A July 2022 report "Energy pricing and the future of the energy market" by Parliament's Business, Energy and Industrial Strategy Committee found that Ofgem had been incompetent in its supervision of the finances of supplier companies, and that the government overlooked this lack of supervision because it prioritised competition over market regulation. In response, Ofgem accepted that its previous financial resilience regime was not sufficiently robust, and had contributed to some of the supplier failures since August 2021.

==Allegations of abuse of power relating to whistleblowers==
In September 2018, the Guardian published a report claiming that two Ofgem experts had been independently threatened with criminal sanctions if they publicly revealed information. Ofgem allegedly invoked section 105 of the Utilities Act 2000, designed to protect national security, relating to concerns about smart meters and Renewable Heat Incentive projects.

== Alternative Dispute Resolution (ADR) ==
Under the Alternative Dispute Resolution for Consumer Disputes Regulations 2015, if an energy company fails to resolve a complaint through their own customer service efforts they will be required to advise the consumer of an approved ADR body.

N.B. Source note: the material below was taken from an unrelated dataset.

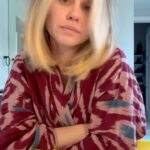 Becca Tobin Instagram - Idiot-proof bouncy blowout 💁🏼‍♀️#shoulderlengthhair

Ofgem is the Competent Authority responsible for approving ADR entities in the energy sector. Ofgem has only ever approved one ADR entity: Ombudsman Services.

=== Energy Industry Voluntary Redress Scheme ===
Ofgem launched an Energy Industry Voluntary Redress Scheme in 2018 to redistribute money paid by energy companies who have breached their operating licence conditions. Recipients of the fund include vulnerable energy consumers and developers of energy products and services that reduce the environmental impact. The scheme is managed by the Energy Saving Trust.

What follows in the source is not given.